> _INSTRUCTIONS FOR THE TASK_
All of the data should be reproduced word for word, though its pictures must be omitted.

> _RECORDED DATA_
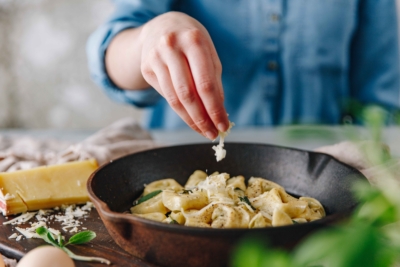 Jemand streut Bio-Bergkäse über Tortelloni in einer Gusseisenpfanne.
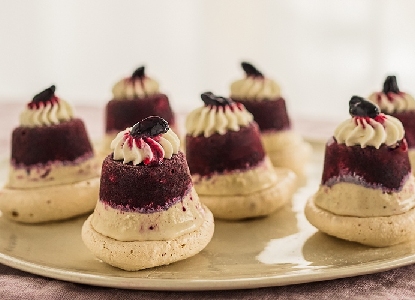 Vacherin Bites with Haskap Berries.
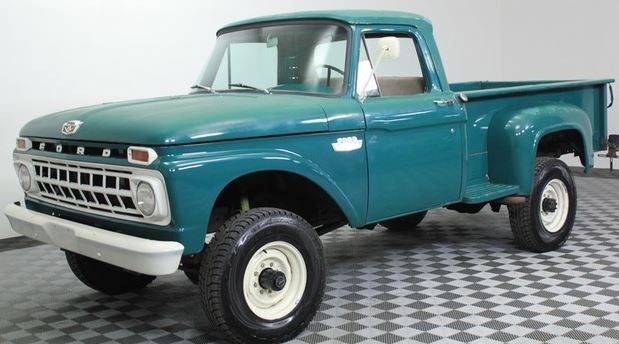 an old green pickup truck is parked in a room with black and white checkered flooring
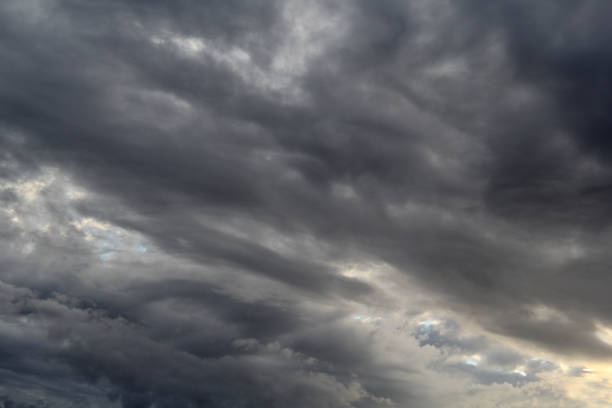 istock Dark clouds in the sky at dusk cloudscape 2164535871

> _RESPONSE FOR THIS EXERCISE_
 Jemand streut Bio-Bergkäse über Tortelloni in einer Gusseisenpfanne.
 Vacherin Bites with Haskap Berries.
 an old green pickup truck is parked in a room with black and white checkered flooring
 istock Dark clouds in the sky at dusk cloudscape 2164535871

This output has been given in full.